Aviazione del futuro

In questi ultimi anni si sente sempre più parlare di operazioni militari portate a termine da “aerei senza pilota”. I media tradizionali li definiscono spesso, erroneamente così ma il termine corretto è “aerei a pilotaggio remoto” in quanto un pilota è presente pur non trovandosi fisicamente sul mezzo. Questi mezzi sono anche in grado di seguire un profilo di volo pre-programmato in maniera autonoma ma sono comunque monitorati via satellite. I più conosciuti, resi famosi dalle recenti incursioni USA in Pakistan sono gli RQ-1 Predator e gli MQ-9 Reaper, ma è in servizio anche il più grande RQ-4 Global Hawk. Il Reaper avrebbe partecipato anche all’azione che ha portato alla cattura e all’uccisione di Muammar Gheddafi, colpendo il convoglio in fuga sul quale viaggiava il colonnello. Gli aerei senza pilota sono inoltre utilizzanti  in scenari non tipcamente bellici, ne è un esempio l’incidente della centrale di Fukushima, quando un Global Hawk statunitense si avvicinò alla centrale per scattare foto a infrarossi utili a rilevare la situazione dei reattori dopo le esplosioni.

Postazione di comando di un RQ-1 Predator

Questo tipo di aeromobili ha sempre suscitato un particolare interesse per via della segretezza che li avvolge. È il caso dell’RQ-170 Sentinel, utilizzato principalmente in Afghanistan, senza mai essere stato ufficialmente presentato, e del quale non si hanno dati precisi se non che presenti caratteristiche stealth. A giudicare dalla denominazione conferita dall’USAF (aeronautica statunitense) si tratta comunque di un aereo da ricognizione (la R nella prima parte del nome sta per “Reconnaissance”, ovvero ricognizione).  Il 4 dicembre del 2011 la tv iraniana ha mostrato uno di questi velivoli apparentemente intatto che, stando a quanto affermato, è stato dirottato con un software particolare e fatto atterrare in un aeroporto del paese. Non essendo note le specifiche dell’RQ-170 è ipotizzabile che gli iraniani siano in possesso di un velivolo con caratteristiche esterne simili al Sentinel che tuttavia, soprattutto riguardo alla dotazione elettronica, pare non rispecchi il modello vero.

Esistono anche degli aerei a pilotaggio remoto di dimensioni molto contenute, come ad esempio lo STALKER della Lockheed Martin. Si tratta di un aereo assemblabile sul posto e lanciabile a mano con un autonomia di circa 20 Km. Pilotabile utilizzando un semplice joystick dell’Xbox 360 è in grado di fornire riprese anche in infrarosso. Su questo modello è stata da poco introdotta una nuova tecnologia in grado di poter ricaricare le batterie tramite un raggio laser inviato da terra. Il funzionamento del sistema è illustrato nell’immagine sottostante.

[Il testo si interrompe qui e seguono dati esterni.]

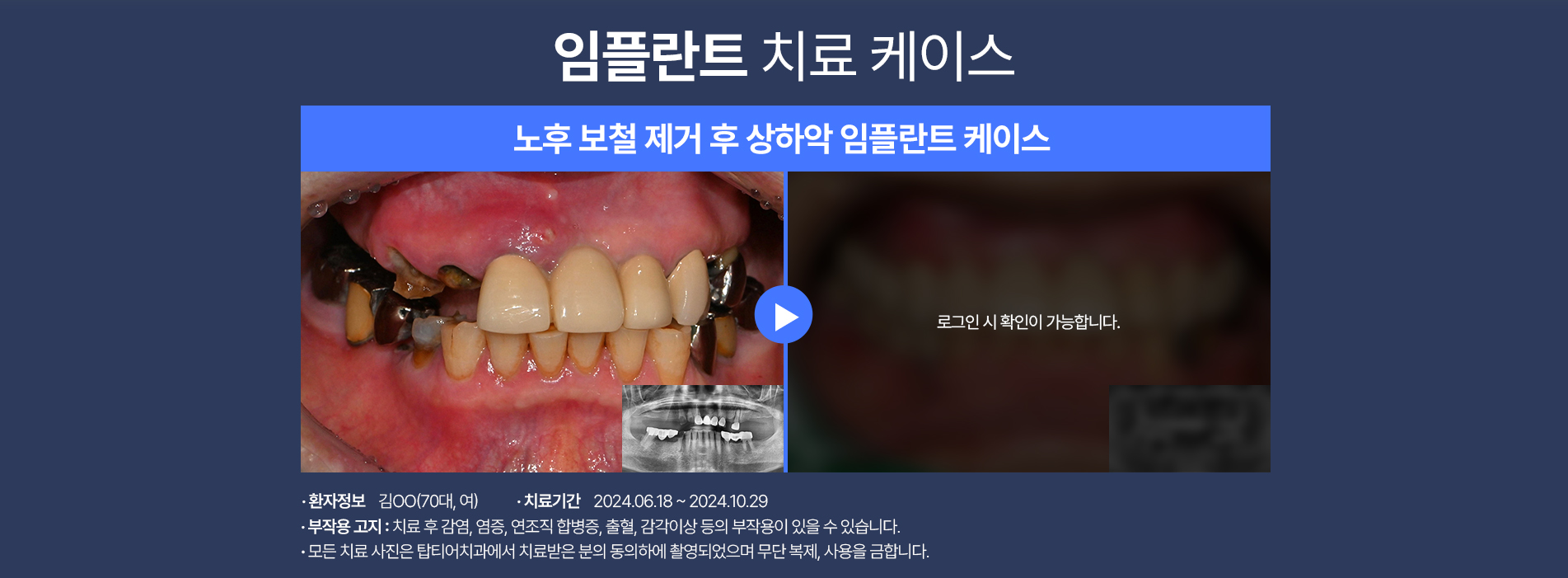 임플란트 케이스03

Il funzionamento dello STALKER può essere visto in questo video promozionale della Lockheed Martin:

Un altro mezzo a pilotaggio remoto, progettato sempre dalla Lockheed Martin è l’elicottero K-MAX UAS. Derivato dal Kaman K-MAX, un elicottero leggero convenzionale utilizzato in campo edile come gru volante, grazie alle sue grandi capacità di carico. Differisce da quest’ultimo per l’assenza di personale a bordo ed è concepito per poter trasportare rifornimenti. È attualmente impiegato in alcuni test in Afghanistan. È possibile vederlo in azione in questo video:

Quella che abbiamo dato è solo una visione d’insieme di un panorama molto diversificato che vede l’introduzione di novità in rapida successione.
In futuro i compiti più rischiosi, non solo in ambito militare, verranno certamente portati a termine da macchine di questo tipo. Pensiamo, ad esempio, ad un servizio anti-incendio basato su elicotteri come il K-MAX, oppure all’impiego di velivoli come il Predator o il Global Hawk per operazioni di ricerca e soccorso in mare. Lo sviluppo di queste tecnologie non dev’essere strettamente legato al campo militare, in quanto la loro applicazione in ambito civile può sicuramente portare ad una maggiore efficienza nello svolgimento di quelle che oggi sono considerate operazioni ad alto rischio, proprio come è stato dimostrato nel caso della centrale di Fukushima.
Non resta che aspettare e vedere in che modo le nuove tecnologie verranno applicate in questo campo.